In 2013, the hospital sued Aetna in federal court in Houston for "gross underpayments of health claims." Aetna then filed a separate suit alleging that North Cypress had violated federal Anti-Kickback and Stark laws. That was rejected by the court, but Cypress' suit against Aetna is scheduled for a trial later this year.

In Cypress' view, Aetna is trying to do an "'in-run' around the federal court's adverse ruling," said Hinton. "This is nothing more than the rewrite of an earlier complaint that has been dismissed. Aetna's pressure campaign will not work."

There are a number of other legal disputes about out-of-network providers and billing at discounts working their way through the courts--including another against North Cypress.

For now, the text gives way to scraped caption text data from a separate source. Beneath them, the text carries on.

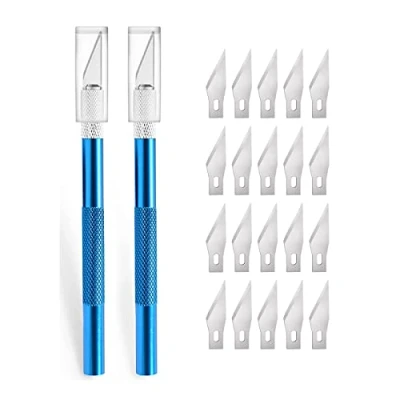 Immagine di Set di 2 Taglierini per Hobby e 20 Lame Ricambio in Acciaio Inossidabile (2, Blue)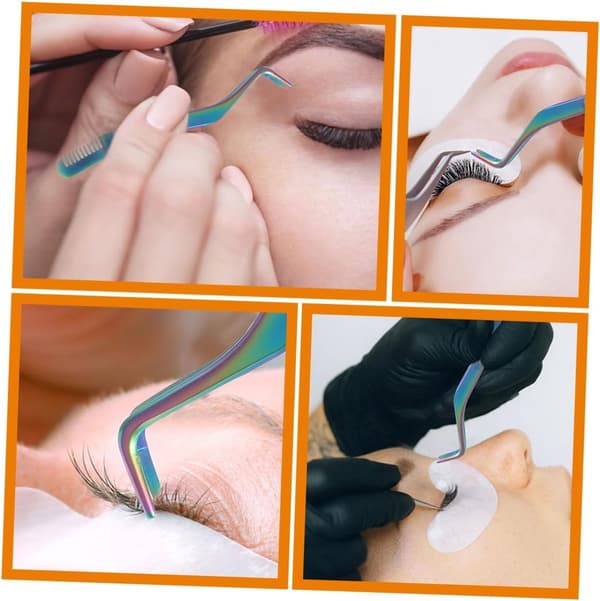 Eyelash Tweezers - 2 Pcs - Professional Eyebrow and Eyelash Tweezers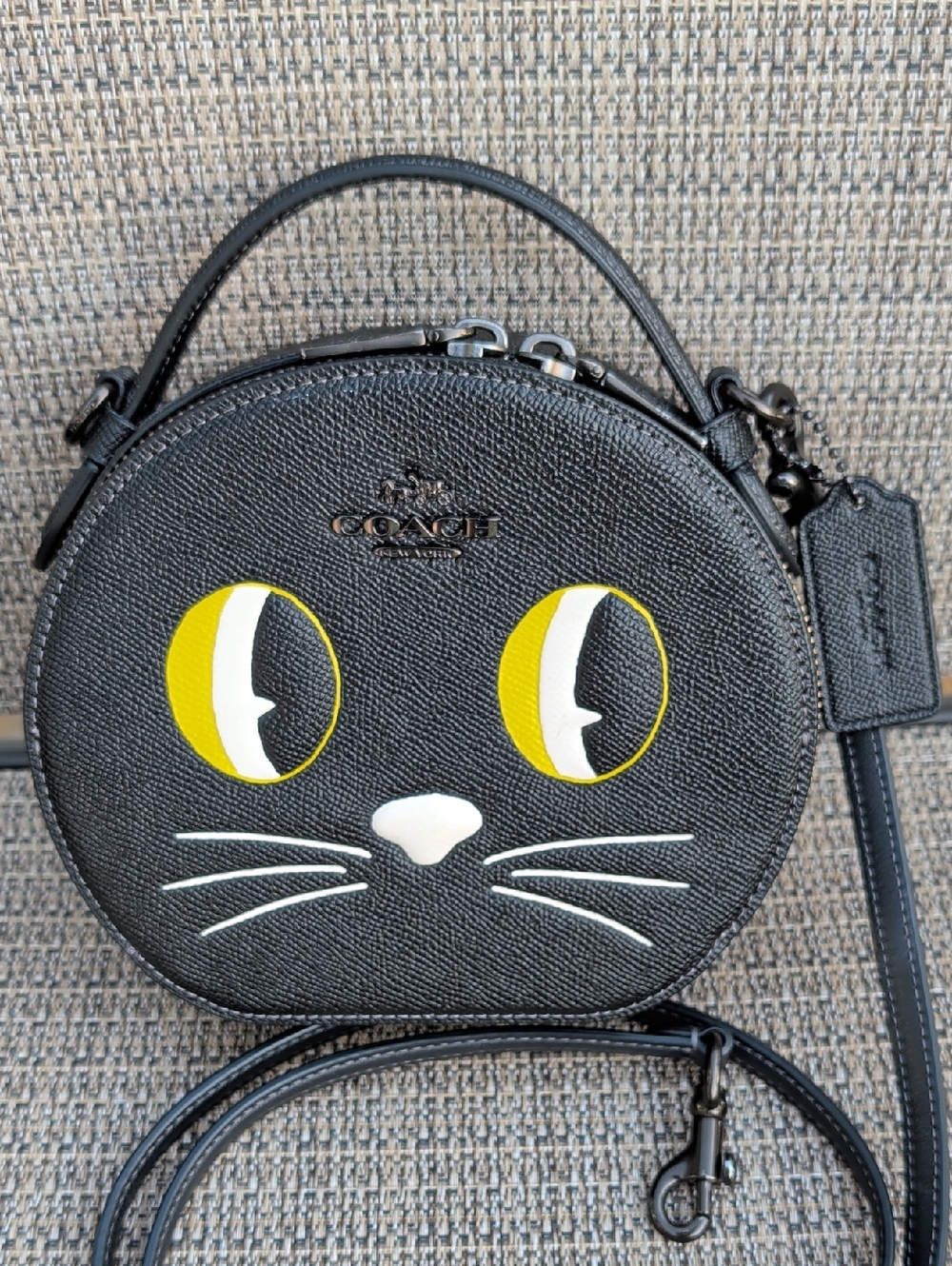 Coach Black Leather Cat Face Crossbody with Yellow & White Accents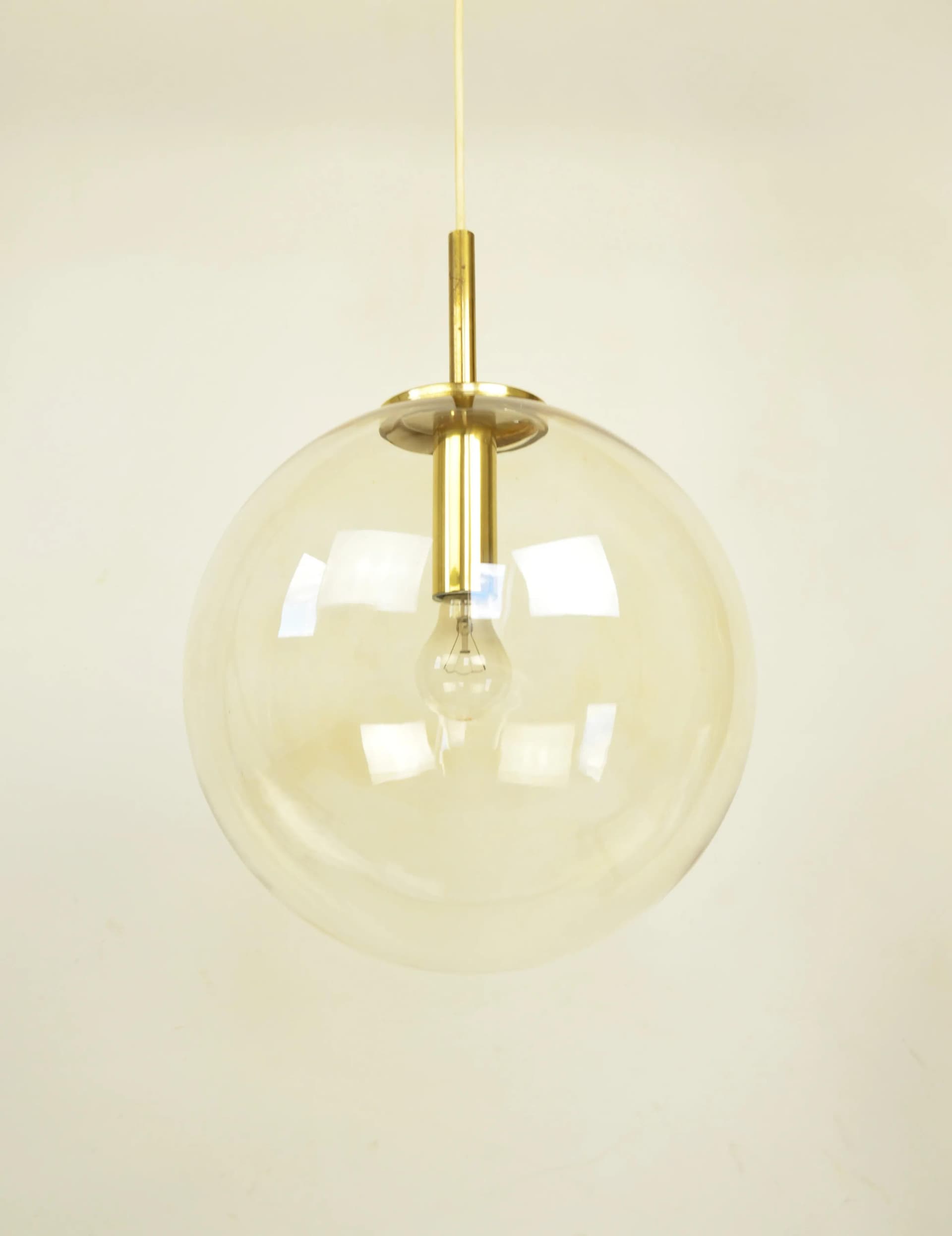 Pendant lamp, golden glass, Poland, 1970s. - 86824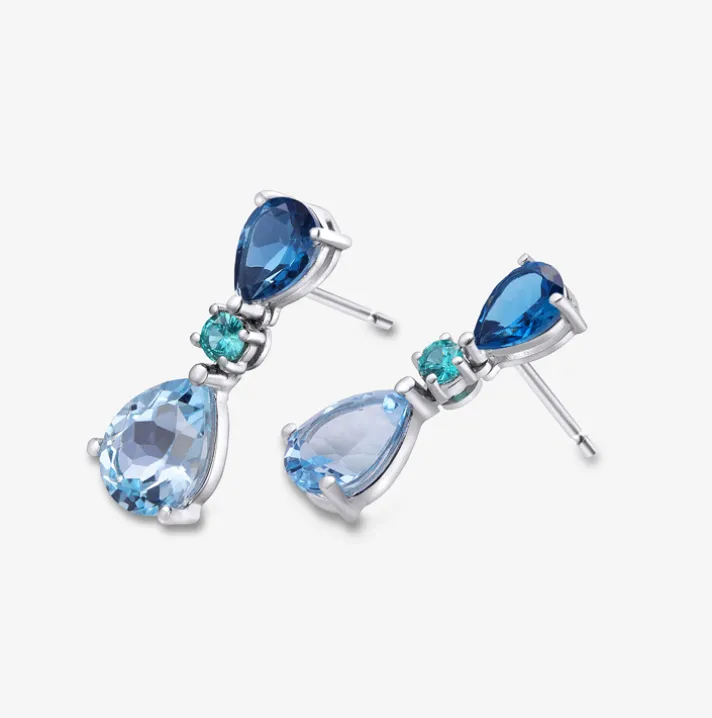 Pendientes Durán con zircon y topacios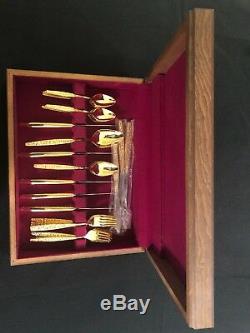 Vintage 1847 50- Piece Rogers Bros. IS Gold- Plated Flatware Set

Cigna accused North Cypress of using patient discounts to "virtually eliminates patients' responsibility to pay for their medical care while still charging enormous and unjustified costs to the employers who fund the patients' plan."

Cigna has also sued the La Peer Surgery Center in California, arguing that the center reduced and waived employee-member's co-pays as a way to garner higher, out-of-network reimbursements and circumvent goals of incentivizing members to use in-network providers.

At the same time insurers have been targeted for trying to curb the practice. A recent lawsuit alleges that Cigna retaliated against PPO-covered patients receiving total parenteral nutrition from an out-of-network provider.